You can consider some kind of jackknife approach in which each reading is compared against the mean of all other runs except the reading being contrasted.
For example, in one of your comments you mentioned a set of number:
$62.970, 62.202, 61.791, 56.588, 59.155$
To contrast the first one with the rest:
- Calculate the means of $62.202, 61.791, 56.588, 59.155$, which is $59.934$.
- Find out the percent difference: $(62.970 - 59.934)/59.934 \times 100\%$, which is $5.07\%$
- Repeat this for the rest, the whole data should be: $5.07\%, 3.45\%, 2.59\%, -8.03\%, -2.85\%$
Now, this tells a lot of problems. First your assumption that readings get more consistent is challenged here. The "odd-one-out" is actually the fourth run. Another worrying sign is the consistent autocorrelation.

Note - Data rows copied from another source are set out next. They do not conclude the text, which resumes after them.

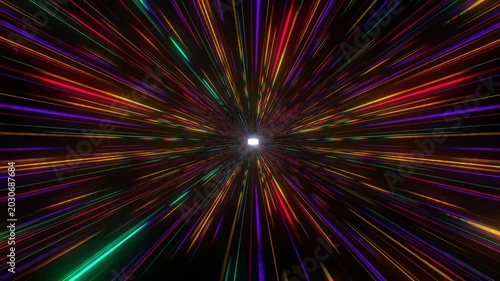 Multicolor laser streaks blast forward through a dark sci-fi warp tunnel in a hyper-fast 3D animation loop bursting with vibrant neon glows
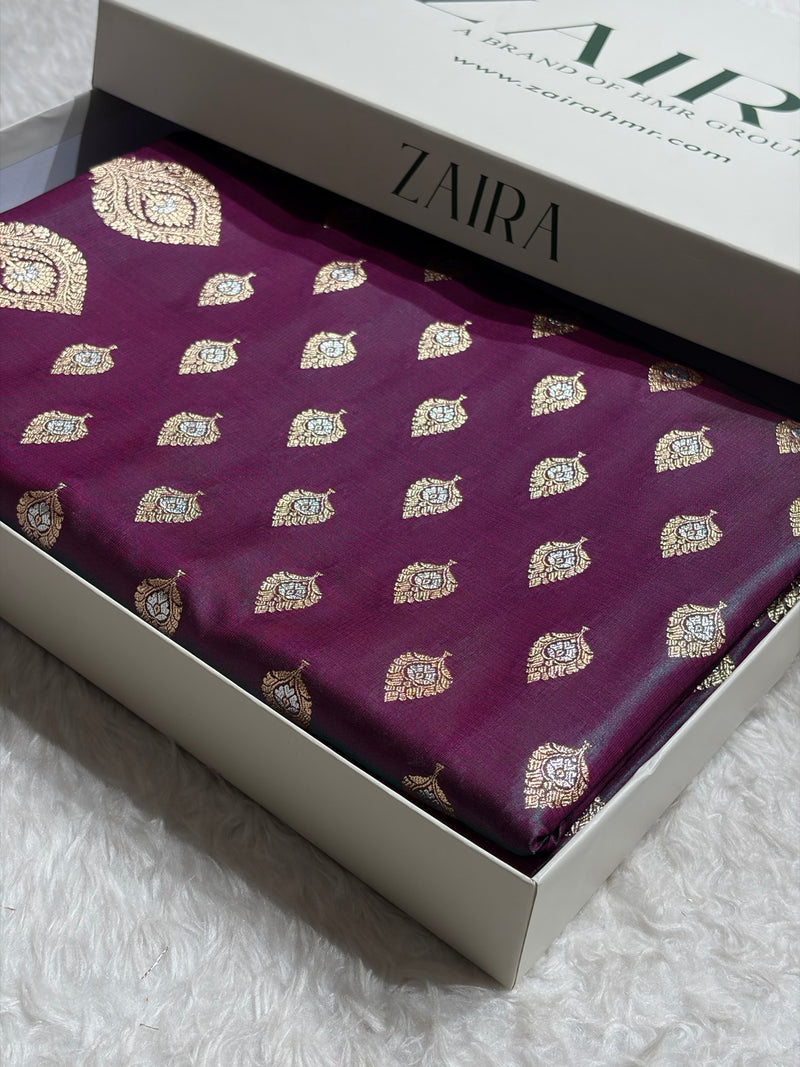Banarasi Cross Wine Shades Minakari Booti Pattern Banarasi Satin Silk Saree SS60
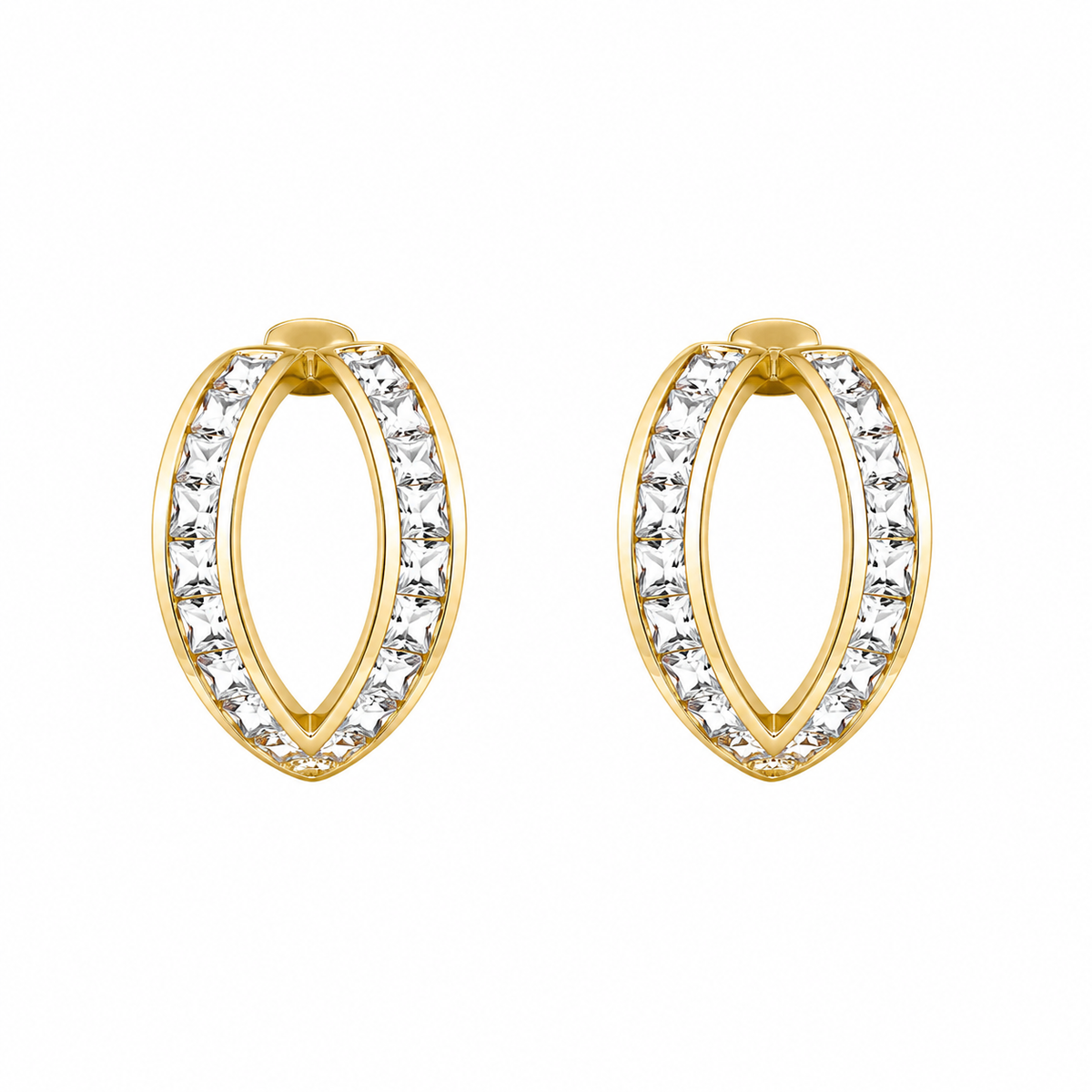 Gold Oval Crystal Hoop Earrings for Women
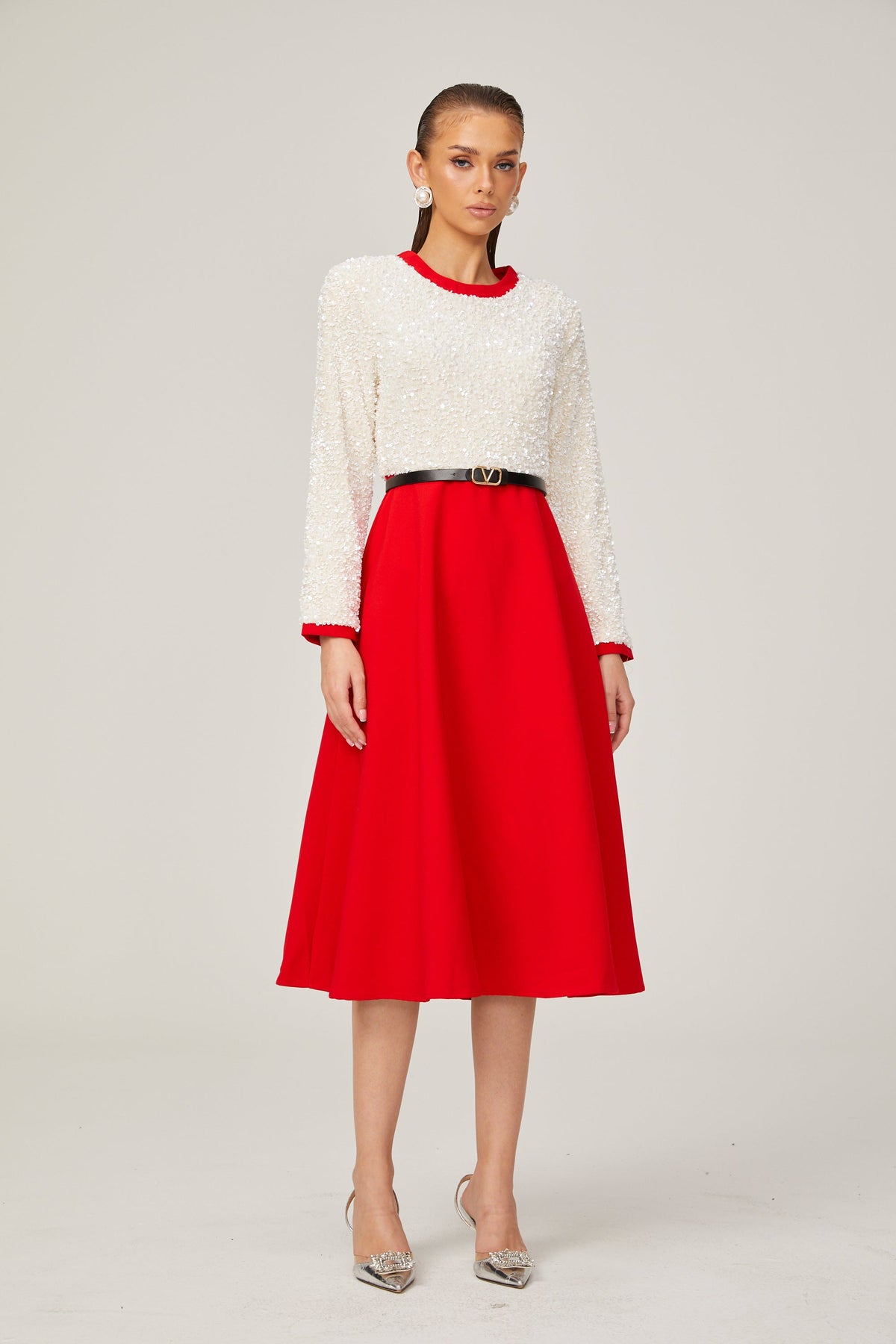 Chloé payet midi elbise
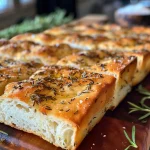 Close-up view of golden-brown sourdough focaccia topped with fresh rosemary and olive oil.
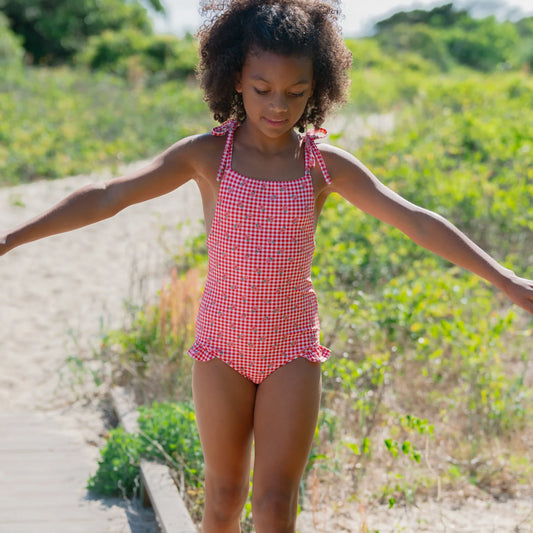 Floral Gingham One Piece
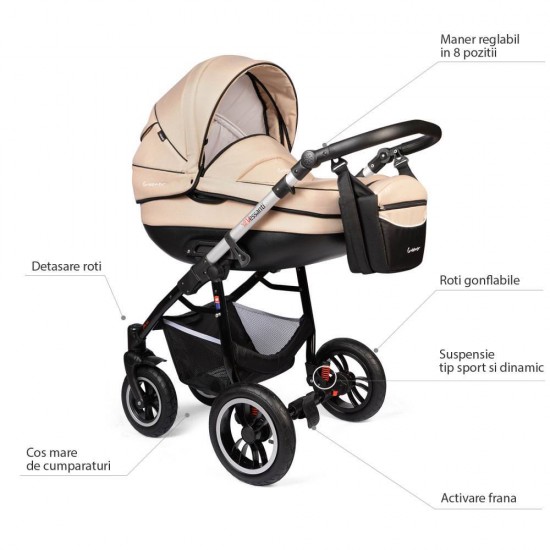 Carucior Crooner Prestige 3 in 1 - Vessanti - Cream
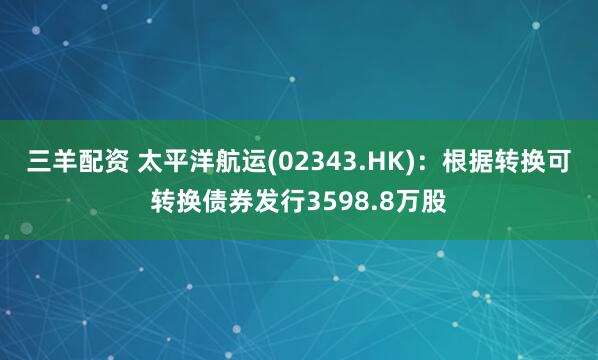 三羊配资 太平洋航运(02343.HK)：根据转换可转换债券发行3598.8万股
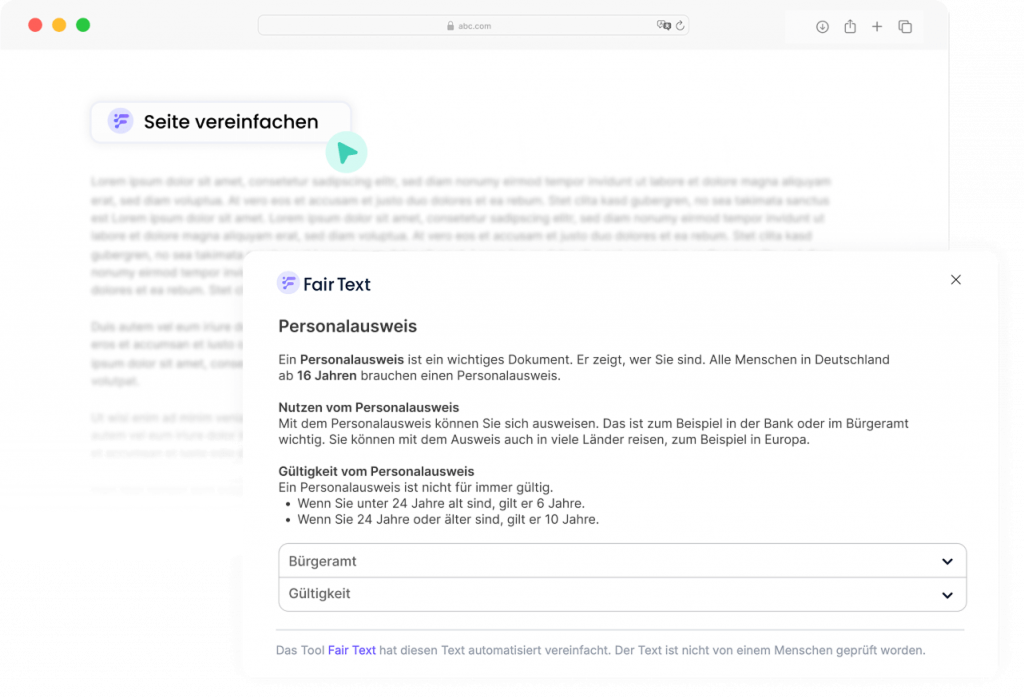 Screenshot der Plug and Play Lösung von Fair Text. Ein Dialog öffnet sich über den Inhalt einer Website.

A consistent test shouldn't have all the positive error in the front, and negative error at the back, aka, the positive and negative should scatter.
This brings back to your original question. I'd suggest that statistics isn't the core problem here, but the quality control of your device. If "unclean" or "non-stablized" is your concern, then please check the system manual and investigate how to properly rinse your coil, and how to use test run reagent to estimate the efficiency. If you come back to judge your readings in such a post-hoc manner, "weeding" out weird data, your results can invite substantial suspicion.
In a nut shell, I'm not exactly a lab-technician, but from a general researcher's point of view all these data cleaning criteria should be set a prior, that is before you have gotten any data. Once you have the data, and the protocol was followed, and there wasn't detected problem, then the number should be analyzed.